_Assignment_
Skipping all pictures, set down the lines of the listing from the first through the one with "Benin eSIM travel".

_Information provided_
● ● ● ● ●

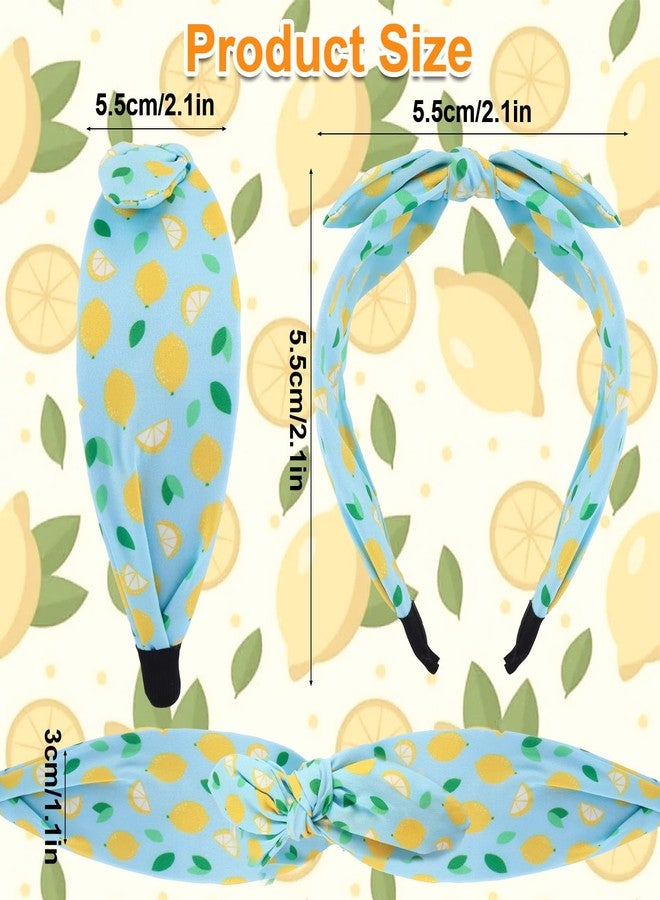 Hapdoo Lemon Knotted Headband, Blue Lemon Knotted Hair bands for Women Girls, Fashion Cute Fruit Hair Accessories Gift for Girls - Image 2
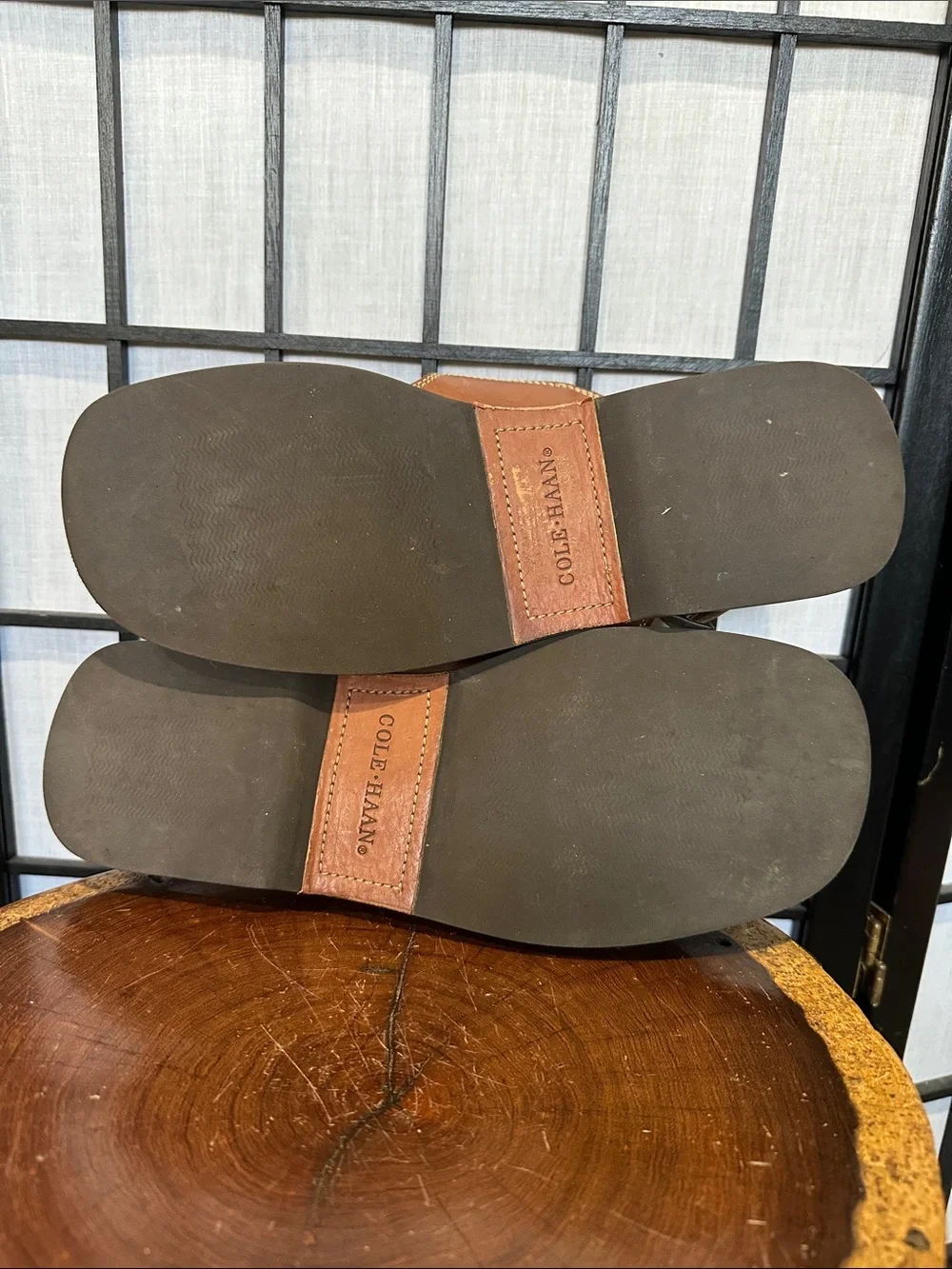 Cole Haan Men's Brown Leather Adjustable Strap Sandals 9.5 EUC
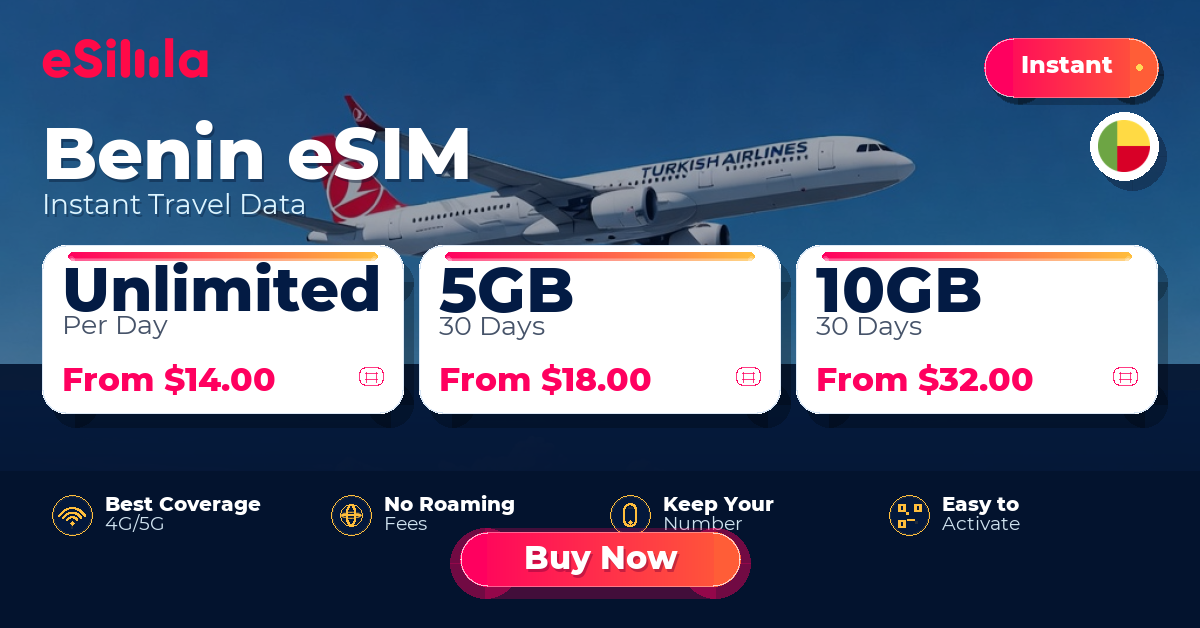 Benin eSIM travel data offer with package options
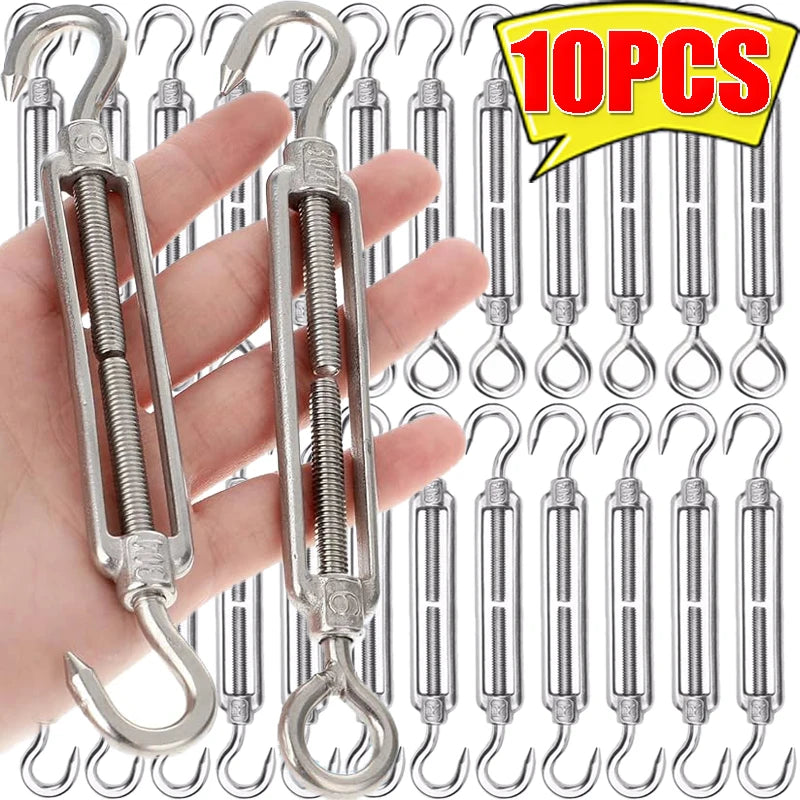 Edelstahl Haken und Öse Spanner Einstellbar Draht Seil Spannung Segel Garten-Yabubest - Home & More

● ● ● ● ●

_Exercise output_
 Hapdoo Lemon Knotted Headband, Blue Lemon Knotted Hair bands for Women Girls, Fashion Cute Fruit Hair Accessories Gift for Girls - Image 2
 Cole Haan Men's Brown Leather Adjustable Strap Sandals 9.5 EUC
 Benin eSIM travel data offer with package options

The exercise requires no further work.